Her Monster, Whom She Loved

Her Monster, Whom She Loved

Ammuya birthed five hundred gods, followed by a monster. That was her first mistake. The gods tormented the monster because they feared it. They bound it inside a black hole, and the monster’s hatred seethed. Eventually the monster raged so fiercely he escaped the event horizon. Then he hunted down his siblings, one by one.

On a silent desert planet, Ammuya cried for her children. Her brave warrior-son: slain on a red giant’s surface. Her brilliant astronomer-daughter: struck down in her starry palace. Her gentle son of the solar winds: dead in her arms. She cried until the sun burned away her tears. Only she and the monster remained.

Then the monster turned on her.

Her child transformed to a tentacled dragon: darker than vacuum, hotter than supernova. She shifted into a massive millipede, whose segments sprayed toxic waste. The two wrestled, evenly matched, like binary stars locking each other in orbit. The dragon charred her legs, but Ammuya channeled her pain. Rage became strength. She could never forget her other children, murdered by this one. She ignited with grief. Her light blinded the monster; her spray disintegrated its limbs. The dragon’s howl shook the galaxy. With its last strength, it curled inward to heal itself, a motionless ouroboros.

Ammuya saw her chance. She could strike and slay the monster forever—avenging her other children. Yet she circled through space, watching him heal. He looked like he was sleeping. Like he had before he murdered the gods. She could not strike her sleeping child, yet uncounted creatures would die if she failed. She steeled herself; no one else could destroy him.

But now: too late. The dragon collapsed like a dying star. Lightning crackled from its shattered scales, and blue feathers sprouted through the gaps. It resurrected into an electric phoenix with wings of light. It siphoned matter from the nearest system, obliterating a trillion species. Thirty potentially spacefaring civilizations were wiped out like simple algae.

Cursing her weakness, Ammuya transformed to a sleek otter-hawk and fled. The monster chased her through a dusty nebula, its claws swiping her feet. It chased her past a red giant swallowing its own system. It chased her through the war-torn galaxy, its populated planets vibrating with passing terror. Her child gained power as he digested his siblings. She could not face his nightmare strength.

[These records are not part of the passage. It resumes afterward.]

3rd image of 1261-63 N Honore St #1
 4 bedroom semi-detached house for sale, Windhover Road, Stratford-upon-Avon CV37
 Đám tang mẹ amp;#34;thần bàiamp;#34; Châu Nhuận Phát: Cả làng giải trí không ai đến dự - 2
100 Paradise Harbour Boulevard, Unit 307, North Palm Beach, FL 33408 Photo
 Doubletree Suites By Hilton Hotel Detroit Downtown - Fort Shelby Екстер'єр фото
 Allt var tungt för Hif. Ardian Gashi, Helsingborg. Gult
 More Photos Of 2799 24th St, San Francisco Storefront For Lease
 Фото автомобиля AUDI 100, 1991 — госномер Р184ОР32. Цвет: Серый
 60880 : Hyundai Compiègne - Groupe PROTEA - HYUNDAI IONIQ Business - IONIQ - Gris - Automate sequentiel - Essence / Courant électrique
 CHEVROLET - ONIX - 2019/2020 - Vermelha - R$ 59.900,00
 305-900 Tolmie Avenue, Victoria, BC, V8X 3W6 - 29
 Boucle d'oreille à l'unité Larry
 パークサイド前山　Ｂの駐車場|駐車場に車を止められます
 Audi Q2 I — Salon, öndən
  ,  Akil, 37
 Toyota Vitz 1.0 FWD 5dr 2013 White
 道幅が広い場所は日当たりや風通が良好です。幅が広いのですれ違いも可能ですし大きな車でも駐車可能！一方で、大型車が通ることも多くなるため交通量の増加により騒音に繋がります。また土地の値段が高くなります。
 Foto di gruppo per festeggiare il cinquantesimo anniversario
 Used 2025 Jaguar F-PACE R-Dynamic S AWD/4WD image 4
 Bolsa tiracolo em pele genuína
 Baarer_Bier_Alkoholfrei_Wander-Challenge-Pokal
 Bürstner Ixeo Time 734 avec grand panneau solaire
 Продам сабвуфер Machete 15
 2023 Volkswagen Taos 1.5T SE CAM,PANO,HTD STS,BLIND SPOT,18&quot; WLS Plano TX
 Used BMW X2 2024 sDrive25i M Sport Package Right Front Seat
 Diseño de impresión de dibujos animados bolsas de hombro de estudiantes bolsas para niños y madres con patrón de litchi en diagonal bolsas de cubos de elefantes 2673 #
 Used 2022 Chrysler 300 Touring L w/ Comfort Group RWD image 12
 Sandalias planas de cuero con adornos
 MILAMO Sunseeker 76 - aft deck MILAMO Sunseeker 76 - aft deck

She took refuge in a quantum black hole—where he might look for her or not, and neither state mattered. She became a salamander cat. Licking her wounds, she regrew her limbs until they trailed behind her like stardust. She grew seventeen eyes, one for each of the galaxies’ gifts, and wondered what to do. She could not let her child destroy the universe. Yet she pitied him, monster that he’d become.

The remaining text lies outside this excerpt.